» **WORK REQUEST**: Restate each record below word for word, skipping images.

* * * *

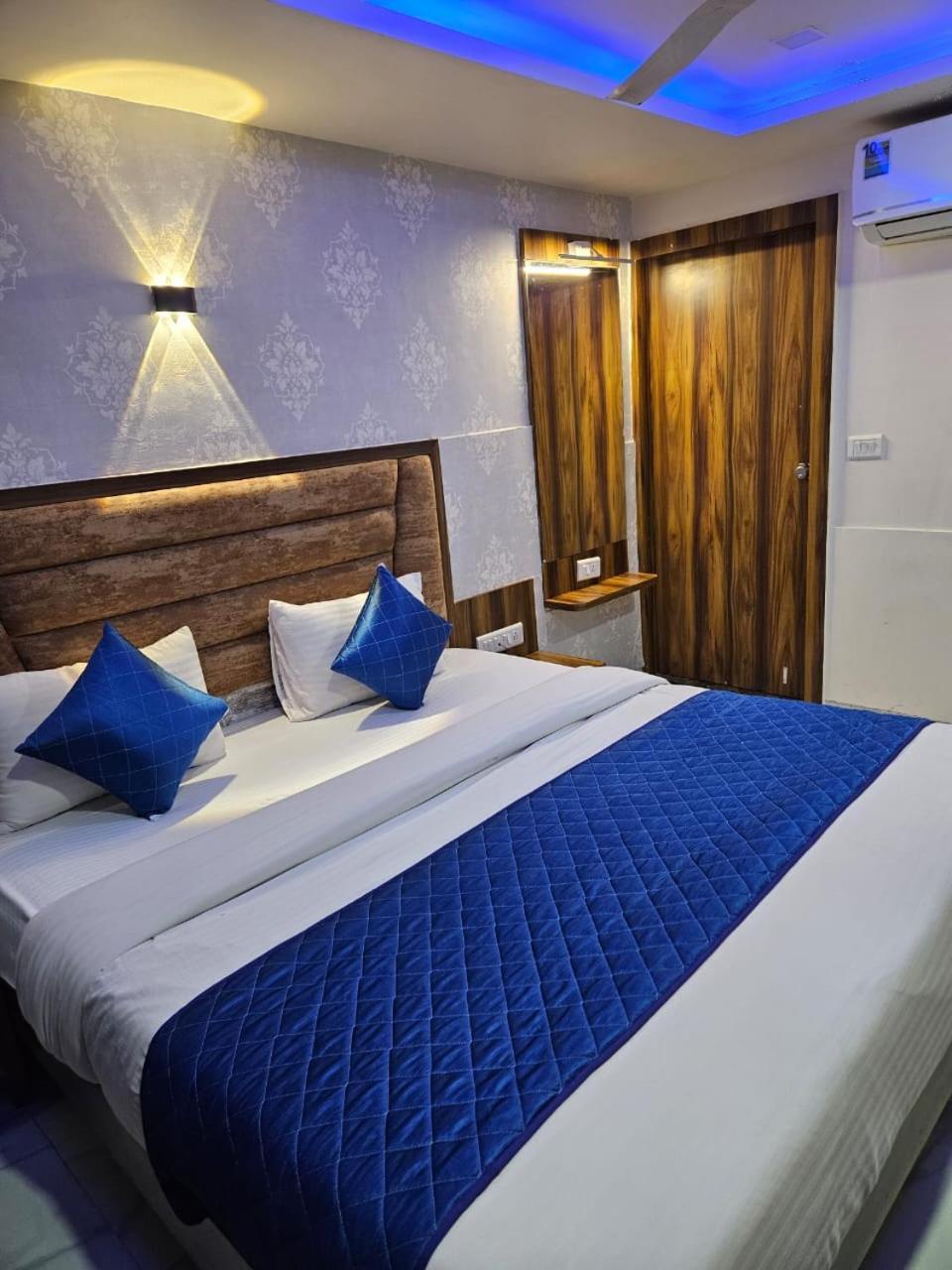 Hotel Ozone,阿穆达巴 外观 照片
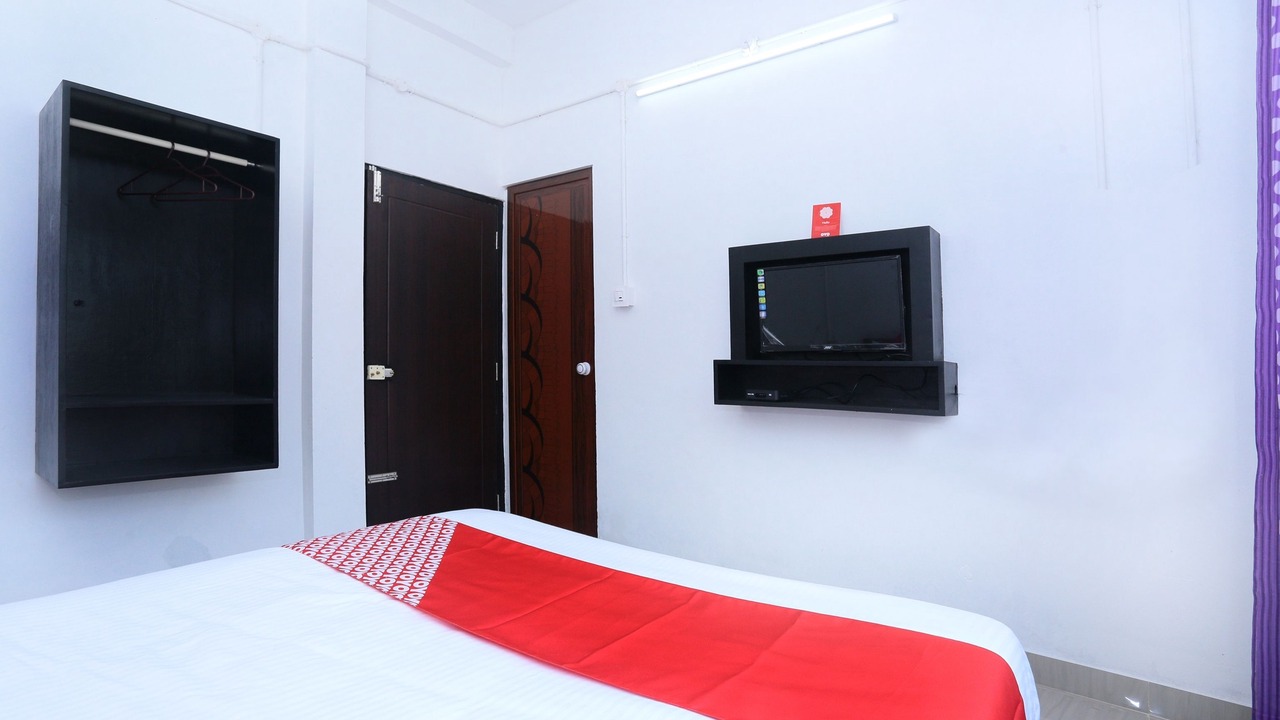 Photo of Bedroom in Panamaram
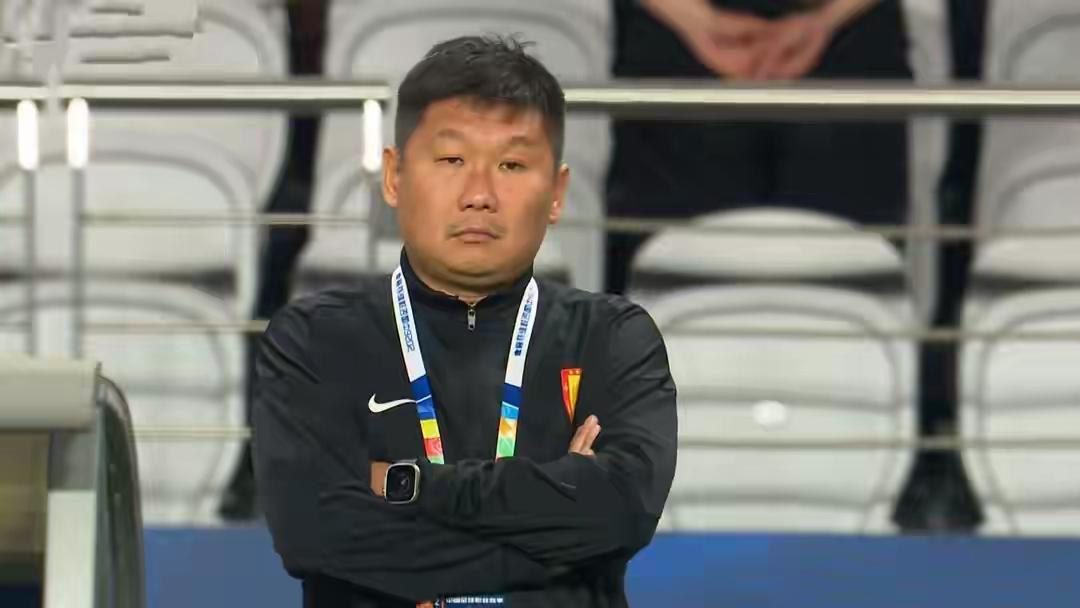 重庆铜梁龙从2：0领先到2：2被上海申花逼平，刘建业60多分钟时，就一次性连换3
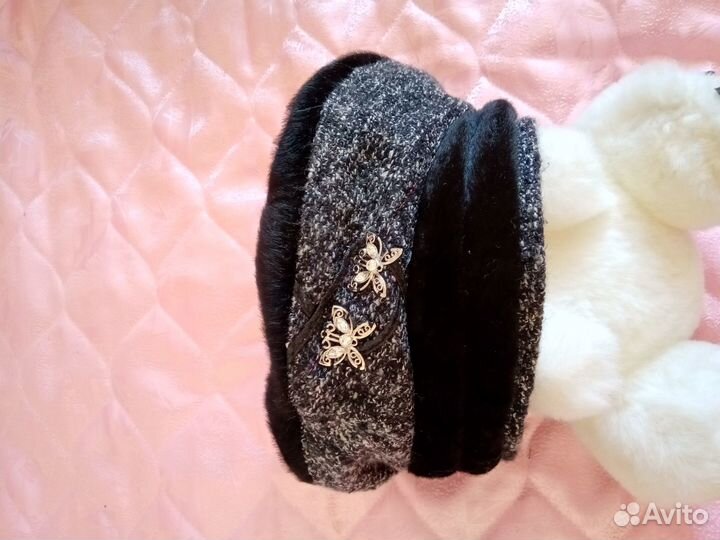 Шапки женские 2 шт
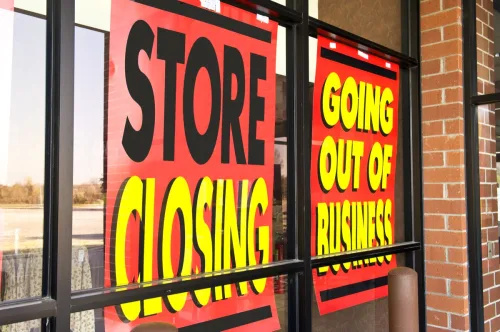   toko tutup dan keluar dari tanda-tanda bisnis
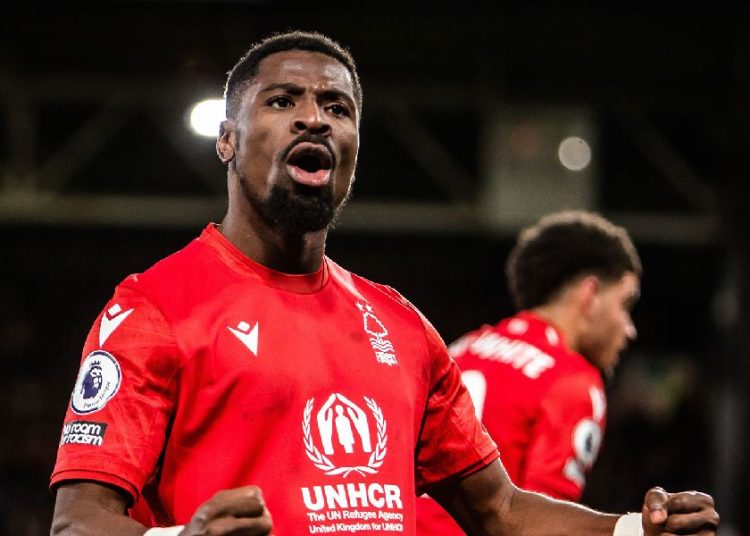 Serge Aurier's stint with Galatasaray unveiled in mid-season move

* * * *

» **EXERCISE ANSWER**:
 Hotel Ozone,阿穆达巴 外观 照片
 Photo of Bedroom in Panamaram
 重庆铜梁龙从2：0领先到2：2被上海申花逼平，刘建业60多分钟时，就一次性连换3
 Шапки женские 2 шт
   toko tutup dan keluar dari tanda-tanda bisnis
 Serge Aurier's stint with Galatasaray unveiled in mid-season move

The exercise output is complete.